__Exercise__. Since the pictures are not wanted, retype the listing below exactly and without them.

__Supplied information__.
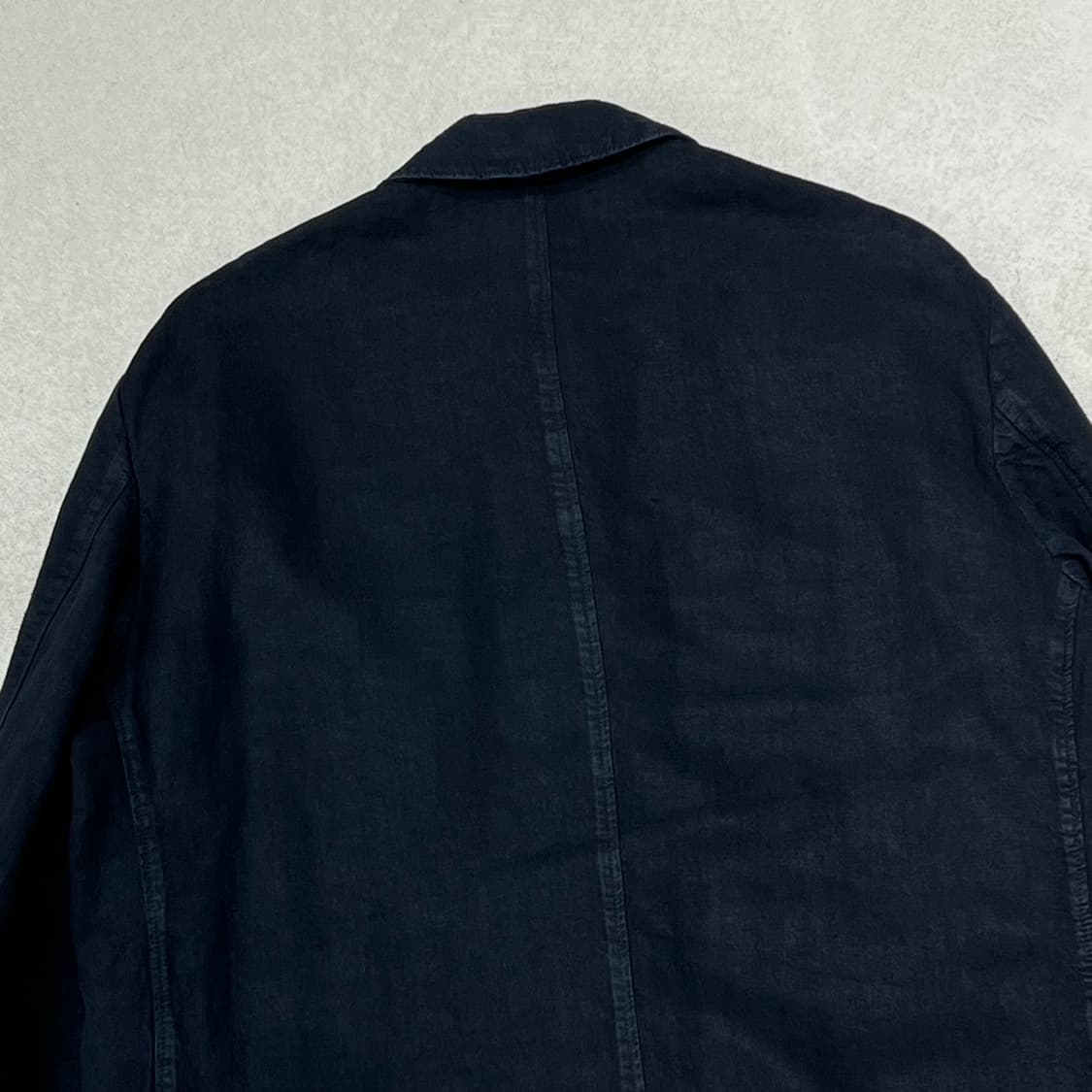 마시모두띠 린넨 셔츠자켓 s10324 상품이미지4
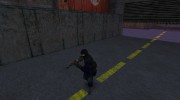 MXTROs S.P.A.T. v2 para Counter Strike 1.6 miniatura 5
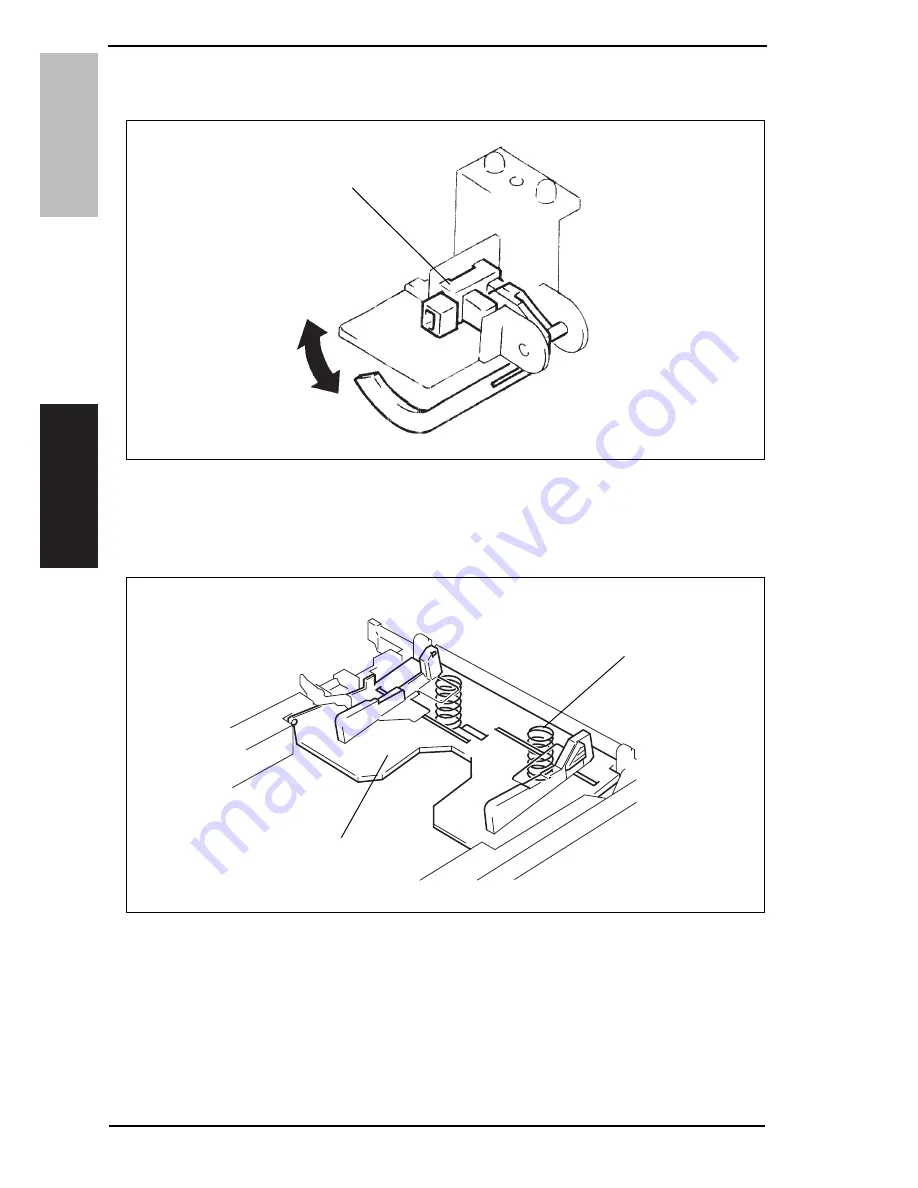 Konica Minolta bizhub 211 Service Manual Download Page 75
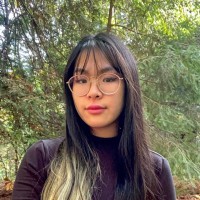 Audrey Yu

__Answer area__.
 마시모두띠 린넨 셔츠자켓 s10324 상품이미지4
 MXTROs S.P.A.T. v2 para Counter Strike 1.6 miniatura 5
 Konica Minolta bizhub 211 Service Manual Download Page 75
 Audrey Yu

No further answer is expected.